Kehadiran BUMN juga merupakan amanah dari konstitusi negara khususnya pada
pasal 33 UUD 1945.
Keinginan membuat BUMN menjadi salah satu roda
penggerak utama dalam pertumbuhan ekonomi nasional, tentu saja secara tidak
langsung akan mendorong pengembangan dari BUMN itu sendiri. Hal ini dapat
semakin memperkuat posisi BUMN sebagai salah satu pilar penting dalam sistem
pembangunan nasional. Dalam perekonomian nasional, BUMN juga berperan dalam hal
menghasilkan barang dan/atau jasa yang dibutuhkan dalam mewujudkan
sebesar-besarnya kemakmuran rakyat. Peran BUMN juga semakin krusial sebagai
pelopor dan perintis dalam sektor usaha yang belum tersentuh oleh pihak
swasta.selain itu mengacu pada Undang-Undang Nomor 19 Tahun 2003 Tentang BUMN
(UU BUMN), bahwa salah satu peran yang tidak kalah penting dan cukup strategis
yang dimiliki oleh BUMN adalah sebagai pelaksana pelayanan publik, penyeimbang
kekuatan-kekuatan swasta besar, dan turut membantu dalam pengembangan usaha
kecil/koperasi.
Dalam menjalankan usahanya terdapat dualisme
pengelolaan yang terjadi pada BUMN hal ini dikarenakan BUMN dikelola sebagai
Perusahaan Perseroan (Persero) yang memiliki tujuan untuk mencari dan memupuk
profit dan sepenuhnya tunduk terhadap Undang-Undang yang berkaitan dengan
Perseroan Terbatas, serta sebagai instansi pemerintah dalam bentuk Perusahaan
Umum (Perum) guna melaksanakan usaha yang merupakan implementasi kewajiban
pemerintah dalam menyediakan barang dan jasa tertentu yang dapat memenuhi
kebutuhan masyarakat.
Munculnya persepsi bahwa BUMN merupakan bagian dari
instansi pemerintah adalah karena adanya perbandingan dengan peran dan
kedudukan BUMN yang ada di beberapa negara. Misalnya di Belanda Perusahaan
negara atau di Indonesia dikenal dengan BUMN dikelompokkan sebagai instansi
pemerintah. Organisasi Perusahaan Publik atau yang biasa disebut de
publiekrechtelijke bedrijfsorganisasi (PBO) yang ada di Belanda memang
dibentuk berdasarkan hukum public dan kepadanya diserahkan kewenangan publik.

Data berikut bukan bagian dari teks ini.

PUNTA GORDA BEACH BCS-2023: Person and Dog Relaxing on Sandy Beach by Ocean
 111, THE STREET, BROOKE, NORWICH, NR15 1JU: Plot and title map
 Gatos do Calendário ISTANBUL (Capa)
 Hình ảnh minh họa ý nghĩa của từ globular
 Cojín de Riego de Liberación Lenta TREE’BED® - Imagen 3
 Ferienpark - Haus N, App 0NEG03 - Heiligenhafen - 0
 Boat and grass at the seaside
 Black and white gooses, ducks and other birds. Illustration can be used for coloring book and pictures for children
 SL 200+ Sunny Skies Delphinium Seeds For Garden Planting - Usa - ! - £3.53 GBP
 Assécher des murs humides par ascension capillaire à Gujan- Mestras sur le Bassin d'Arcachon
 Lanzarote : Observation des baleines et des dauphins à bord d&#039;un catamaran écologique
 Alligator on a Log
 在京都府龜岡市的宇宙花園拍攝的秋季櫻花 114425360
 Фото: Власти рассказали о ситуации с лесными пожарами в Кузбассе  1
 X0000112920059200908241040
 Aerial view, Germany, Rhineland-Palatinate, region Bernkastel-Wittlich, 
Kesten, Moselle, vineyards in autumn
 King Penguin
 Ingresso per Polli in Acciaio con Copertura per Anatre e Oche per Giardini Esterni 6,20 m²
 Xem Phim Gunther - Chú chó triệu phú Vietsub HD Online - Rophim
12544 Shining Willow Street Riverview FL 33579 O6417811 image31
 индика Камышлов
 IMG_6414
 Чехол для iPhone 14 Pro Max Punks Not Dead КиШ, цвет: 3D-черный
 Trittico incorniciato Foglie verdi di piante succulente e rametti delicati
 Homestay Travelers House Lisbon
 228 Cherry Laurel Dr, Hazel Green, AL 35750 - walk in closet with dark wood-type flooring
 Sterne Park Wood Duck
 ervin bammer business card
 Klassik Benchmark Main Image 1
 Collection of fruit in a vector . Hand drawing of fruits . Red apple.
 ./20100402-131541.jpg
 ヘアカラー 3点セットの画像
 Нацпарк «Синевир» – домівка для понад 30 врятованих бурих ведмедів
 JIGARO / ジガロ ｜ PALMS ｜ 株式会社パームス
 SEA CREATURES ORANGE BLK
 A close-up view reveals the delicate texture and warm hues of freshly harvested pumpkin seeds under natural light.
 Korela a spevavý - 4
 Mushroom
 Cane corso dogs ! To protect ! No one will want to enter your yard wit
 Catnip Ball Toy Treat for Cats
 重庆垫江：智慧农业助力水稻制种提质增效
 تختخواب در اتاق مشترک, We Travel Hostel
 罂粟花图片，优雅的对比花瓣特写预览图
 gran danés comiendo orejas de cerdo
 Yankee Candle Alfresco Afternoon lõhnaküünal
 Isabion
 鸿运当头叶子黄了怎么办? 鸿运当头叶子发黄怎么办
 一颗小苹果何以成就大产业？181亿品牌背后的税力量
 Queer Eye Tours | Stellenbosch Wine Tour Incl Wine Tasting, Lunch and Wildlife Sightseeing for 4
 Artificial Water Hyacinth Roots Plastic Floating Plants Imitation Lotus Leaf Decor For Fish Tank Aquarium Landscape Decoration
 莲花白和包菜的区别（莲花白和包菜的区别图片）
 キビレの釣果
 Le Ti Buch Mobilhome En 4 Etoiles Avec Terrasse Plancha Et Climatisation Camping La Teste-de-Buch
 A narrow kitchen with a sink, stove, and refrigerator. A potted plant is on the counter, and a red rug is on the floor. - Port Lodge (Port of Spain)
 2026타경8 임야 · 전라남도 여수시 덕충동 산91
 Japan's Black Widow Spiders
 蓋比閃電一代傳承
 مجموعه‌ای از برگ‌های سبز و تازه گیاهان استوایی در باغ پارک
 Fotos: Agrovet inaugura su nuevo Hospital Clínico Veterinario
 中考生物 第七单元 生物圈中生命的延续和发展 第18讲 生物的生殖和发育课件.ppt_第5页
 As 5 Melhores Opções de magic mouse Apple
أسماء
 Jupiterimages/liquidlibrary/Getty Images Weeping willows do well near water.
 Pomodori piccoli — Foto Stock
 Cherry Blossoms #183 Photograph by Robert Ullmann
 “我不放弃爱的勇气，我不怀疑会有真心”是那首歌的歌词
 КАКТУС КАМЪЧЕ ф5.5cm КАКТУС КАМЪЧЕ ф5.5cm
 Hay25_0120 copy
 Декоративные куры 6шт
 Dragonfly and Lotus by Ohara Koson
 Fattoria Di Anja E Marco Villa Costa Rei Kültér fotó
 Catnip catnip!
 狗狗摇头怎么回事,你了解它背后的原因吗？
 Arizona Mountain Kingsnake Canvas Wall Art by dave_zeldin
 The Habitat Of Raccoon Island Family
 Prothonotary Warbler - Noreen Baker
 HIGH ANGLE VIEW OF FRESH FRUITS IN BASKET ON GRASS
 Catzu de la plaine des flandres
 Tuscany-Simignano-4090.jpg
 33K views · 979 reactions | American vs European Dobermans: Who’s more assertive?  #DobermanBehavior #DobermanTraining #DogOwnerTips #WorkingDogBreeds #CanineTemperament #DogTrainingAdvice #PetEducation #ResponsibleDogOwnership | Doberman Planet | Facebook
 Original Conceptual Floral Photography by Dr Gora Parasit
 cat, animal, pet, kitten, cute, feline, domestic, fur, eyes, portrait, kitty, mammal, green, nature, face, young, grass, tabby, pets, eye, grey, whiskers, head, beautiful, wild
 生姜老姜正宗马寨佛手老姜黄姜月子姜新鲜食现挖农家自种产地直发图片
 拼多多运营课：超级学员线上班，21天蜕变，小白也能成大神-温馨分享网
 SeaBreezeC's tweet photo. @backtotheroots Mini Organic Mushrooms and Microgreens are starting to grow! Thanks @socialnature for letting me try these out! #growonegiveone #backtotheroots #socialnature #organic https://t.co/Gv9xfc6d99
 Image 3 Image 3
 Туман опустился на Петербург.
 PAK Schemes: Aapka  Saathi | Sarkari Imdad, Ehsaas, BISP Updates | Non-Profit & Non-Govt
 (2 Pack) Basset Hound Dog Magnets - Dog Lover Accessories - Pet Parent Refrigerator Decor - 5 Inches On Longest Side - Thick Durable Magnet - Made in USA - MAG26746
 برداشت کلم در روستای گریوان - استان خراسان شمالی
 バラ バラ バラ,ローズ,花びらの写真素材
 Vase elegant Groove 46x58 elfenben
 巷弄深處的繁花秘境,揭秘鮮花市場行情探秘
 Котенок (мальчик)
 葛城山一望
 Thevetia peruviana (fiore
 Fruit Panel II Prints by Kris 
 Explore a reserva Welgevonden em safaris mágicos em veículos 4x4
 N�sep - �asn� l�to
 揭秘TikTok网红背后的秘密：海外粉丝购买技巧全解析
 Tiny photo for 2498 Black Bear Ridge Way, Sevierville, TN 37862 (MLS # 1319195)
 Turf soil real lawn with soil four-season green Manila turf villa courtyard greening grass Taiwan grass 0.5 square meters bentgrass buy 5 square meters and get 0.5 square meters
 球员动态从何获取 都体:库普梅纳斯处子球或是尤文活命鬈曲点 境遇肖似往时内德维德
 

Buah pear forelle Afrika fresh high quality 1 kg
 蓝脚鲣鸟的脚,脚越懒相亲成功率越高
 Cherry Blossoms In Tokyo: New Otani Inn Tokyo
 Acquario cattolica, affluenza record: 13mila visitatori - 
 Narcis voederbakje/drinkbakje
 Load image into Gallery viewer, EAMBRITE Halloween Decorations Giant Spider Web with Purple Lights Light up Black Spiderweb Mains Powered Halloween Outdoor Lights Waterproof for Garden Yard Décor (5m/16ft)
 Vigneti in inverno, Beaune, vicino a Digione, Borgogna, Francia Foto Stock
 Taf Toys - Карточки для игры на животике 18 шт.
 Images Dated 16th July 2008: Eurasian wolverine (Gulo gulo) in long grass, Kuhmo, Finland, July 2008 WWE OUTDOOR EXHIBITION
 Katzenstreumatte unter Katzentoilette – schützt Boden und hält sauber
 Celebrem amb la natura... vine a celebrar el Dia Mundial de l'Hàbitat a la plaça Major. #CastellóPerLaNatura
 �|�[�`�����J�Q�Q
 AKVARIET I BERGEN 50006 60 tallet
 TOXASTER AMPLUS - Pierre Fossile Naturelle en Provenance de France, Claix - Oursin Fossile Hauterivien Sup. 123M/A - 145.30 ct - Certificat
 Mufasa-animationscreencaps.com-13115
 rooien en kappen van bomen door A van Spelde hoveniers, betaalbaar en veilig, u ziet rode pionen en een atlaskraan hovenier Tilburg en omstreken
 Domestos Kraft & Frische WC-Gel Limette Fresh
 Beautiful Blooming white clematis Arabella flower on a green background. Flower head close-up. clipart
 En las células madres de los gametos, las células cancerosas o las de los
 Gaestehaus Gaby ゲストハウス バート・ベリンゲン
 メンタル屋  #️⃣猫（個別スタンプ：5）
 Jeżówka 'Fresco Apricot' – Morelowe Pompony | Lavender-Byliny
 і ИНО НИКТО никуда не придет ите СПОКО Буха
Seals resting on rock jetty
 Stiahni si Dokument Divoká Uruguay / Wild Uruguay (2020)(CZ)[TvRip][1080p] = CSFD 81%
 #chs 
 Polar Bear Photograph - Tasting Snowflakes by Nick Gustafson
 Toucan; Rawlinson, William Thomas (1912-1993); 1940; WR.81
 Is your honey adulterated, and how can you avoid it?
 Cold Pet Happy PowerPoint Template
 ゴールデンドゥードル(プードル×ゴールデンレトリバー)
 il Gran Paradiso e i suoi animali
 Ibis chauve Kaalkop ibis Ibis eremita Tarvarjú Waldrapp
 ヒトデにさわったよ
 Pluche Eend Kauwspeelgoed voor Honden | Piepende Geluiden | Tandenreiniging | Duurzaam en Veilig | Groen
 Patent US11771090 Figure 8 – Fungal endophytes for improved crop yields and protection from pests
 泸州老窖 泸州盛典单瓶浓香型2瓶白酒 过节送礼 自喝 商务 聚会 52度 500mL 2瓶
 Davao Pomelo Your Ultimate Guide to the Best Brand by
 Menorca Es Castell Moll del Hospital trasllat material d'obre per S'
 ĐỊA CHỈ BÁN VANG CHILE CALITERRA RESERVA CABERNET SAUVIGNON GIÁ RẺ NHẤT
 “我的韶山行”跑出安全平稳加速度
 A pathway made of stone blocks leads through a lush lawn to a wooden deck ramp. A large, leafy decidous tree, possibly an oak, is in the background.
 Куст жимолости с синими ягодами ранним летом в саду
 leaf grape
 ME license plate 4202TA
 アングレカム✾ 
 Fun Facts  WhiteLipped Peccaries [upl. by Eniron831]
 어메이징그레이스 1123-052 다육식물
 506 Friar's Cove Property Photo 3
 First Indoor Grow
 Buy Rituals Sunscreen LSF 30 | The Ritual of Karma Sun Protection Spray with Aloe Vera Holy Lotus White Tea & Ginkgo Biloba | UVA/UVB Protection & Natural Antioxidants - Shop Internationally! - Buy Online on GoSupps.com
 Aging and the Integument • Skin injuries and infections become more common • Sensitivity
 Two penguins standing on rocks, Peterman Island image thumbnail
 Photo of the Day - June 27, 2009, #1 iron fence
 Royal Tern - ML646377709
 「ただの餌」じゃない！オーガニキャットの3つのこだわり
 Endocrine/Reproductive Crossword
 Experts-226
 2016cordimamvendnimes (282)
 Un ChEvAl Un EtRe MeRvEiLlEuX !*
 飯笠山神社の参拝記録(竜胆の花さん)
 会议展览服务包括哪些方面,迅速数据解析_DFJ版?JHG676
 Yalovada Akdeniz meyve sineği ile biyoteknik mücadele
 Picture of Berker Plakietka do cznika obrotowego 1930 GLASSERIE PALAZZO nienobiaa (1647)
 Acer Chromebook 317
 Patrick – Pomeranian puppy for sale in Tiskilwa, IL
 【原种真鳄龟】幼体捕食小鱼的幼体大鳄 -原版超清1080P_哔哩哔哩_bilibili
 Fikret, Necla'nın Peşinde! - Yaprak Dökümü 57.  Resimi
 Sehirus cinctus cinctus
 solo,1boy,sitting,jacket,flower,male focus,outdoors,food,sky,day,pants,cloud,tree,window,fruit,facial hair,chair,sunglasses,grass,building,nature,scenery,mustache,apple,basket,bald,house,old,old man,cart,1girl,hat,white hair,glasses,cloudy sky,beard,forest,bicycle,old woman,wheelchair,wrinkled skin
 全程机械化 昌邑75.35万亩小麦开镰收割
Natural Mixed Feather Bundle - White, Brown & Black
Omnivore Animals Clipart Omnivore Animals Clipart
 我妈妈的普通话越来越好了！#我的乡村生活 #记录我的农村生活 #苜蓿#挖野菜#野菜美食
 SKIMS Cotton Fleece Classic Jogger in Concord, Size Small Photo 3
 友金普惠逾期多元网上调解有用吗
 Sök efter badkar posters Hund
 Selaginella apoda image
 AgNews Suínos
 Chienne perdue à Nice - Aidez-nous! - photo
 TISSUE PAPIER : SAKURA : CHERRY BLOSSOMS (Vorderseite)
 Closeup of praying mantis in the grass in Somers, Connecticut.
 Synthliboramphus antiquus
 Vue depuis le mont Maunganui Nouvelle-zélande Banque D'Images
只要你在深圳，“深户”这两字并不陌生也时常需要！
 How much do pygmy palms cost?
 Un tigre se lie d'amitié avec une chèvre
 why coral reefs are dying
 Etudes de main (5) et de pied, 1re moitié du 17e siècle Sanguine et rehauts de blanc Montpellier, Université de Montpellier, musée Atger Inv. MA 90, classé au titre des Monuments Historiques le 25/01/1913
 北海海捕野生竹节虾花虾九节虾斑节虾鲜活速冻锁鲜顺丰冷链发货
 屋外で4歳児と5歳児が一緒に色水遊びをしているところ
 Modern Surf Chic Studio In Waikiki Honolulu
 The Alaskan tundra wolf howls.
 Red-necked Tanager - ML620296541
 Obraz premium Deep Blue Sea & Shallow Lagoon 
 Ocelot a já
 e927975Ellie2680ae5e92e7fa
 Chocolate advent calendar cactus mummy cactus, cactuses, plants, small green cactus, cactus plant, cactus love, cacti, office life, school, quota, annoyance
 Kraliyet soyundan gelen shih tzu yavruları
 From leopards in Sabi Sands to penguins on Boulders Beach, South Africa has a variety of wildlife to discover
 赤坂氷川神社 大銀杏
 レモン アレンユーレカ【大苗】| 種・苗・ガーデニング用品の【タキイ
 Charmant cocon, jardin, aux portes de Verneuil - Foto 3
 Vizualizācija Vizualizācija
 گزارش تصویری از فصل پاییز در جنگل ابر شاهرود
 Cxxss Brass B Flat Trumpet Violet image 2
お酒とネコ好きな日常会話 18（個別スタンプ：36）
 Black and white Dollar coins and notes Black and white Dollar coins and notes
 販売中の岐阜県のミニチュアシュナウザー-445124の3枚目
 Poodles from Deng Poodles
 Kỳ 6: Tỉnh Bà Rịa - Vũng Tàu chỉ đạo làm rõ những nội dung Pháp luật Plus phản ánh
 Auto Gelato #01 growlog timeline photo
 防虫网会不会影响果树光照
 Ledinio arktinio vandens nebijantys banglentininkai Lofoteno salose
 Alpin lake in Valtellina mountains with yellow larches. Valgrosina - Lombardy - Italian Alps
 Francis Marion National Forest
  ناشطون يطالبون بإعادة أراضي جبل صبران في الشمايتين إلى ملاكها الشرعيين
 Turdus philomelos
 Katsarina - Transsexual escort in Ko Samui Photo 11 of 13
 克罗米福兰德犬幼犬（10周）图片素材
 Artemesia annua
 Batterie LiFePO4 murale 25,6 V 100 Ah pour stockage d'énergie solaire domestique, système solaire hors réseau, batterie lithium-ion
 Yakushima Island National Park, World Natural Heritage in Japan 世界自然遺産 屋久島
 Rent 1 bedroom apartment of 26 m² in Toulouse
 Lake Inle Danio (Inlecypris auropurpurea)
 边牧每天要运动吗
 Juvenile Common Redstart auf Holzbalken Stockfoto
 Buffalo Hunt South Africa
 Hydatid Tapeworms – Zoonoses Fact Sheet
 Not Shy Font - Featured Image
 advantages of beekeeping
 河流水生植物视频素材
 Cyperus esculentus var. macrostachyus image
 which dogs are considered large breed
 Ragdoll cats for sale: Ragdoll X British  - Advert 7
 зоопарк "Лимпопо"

Sebagai tambahan, pejabat atau organ puncak/atasan dari PBO sendiri adalah
Dewan Ekonomi Nasional Belanda atau yang dinamakan de Sociaal Economische
Raad (SER) yang merupakan suatu badan publik yang menjadi penasihat
pemerintah tertinggi dalam bidang sosial ekonomi. Keanggotaan SER tersebut
adalah para pemilik modal/pemberi kerja atau yang dinamakan werkegeversleden,
para pegawai atau werknemersleden, dan anggota Kerajaan atau Kroonleden.
Dewan ini secara umum menjalankan tugas guna memajukan pekerjaan warga negara
Belanda, di samping mengurus kepentingan orang-orang terkait serta kehidupan
perusahaan. Dalam menjalankan tugasnya SER ini diberikan kewenangan untuk
mengatur dan membuat keputusan-keputusan dan dalam keadaan tertentu berwenang
pula menerapkan sanksi, sebagaimana kewenangan yang terdapat pada instansi
pemerintah pada umumnya yang berbentuk Perusahaan Umum.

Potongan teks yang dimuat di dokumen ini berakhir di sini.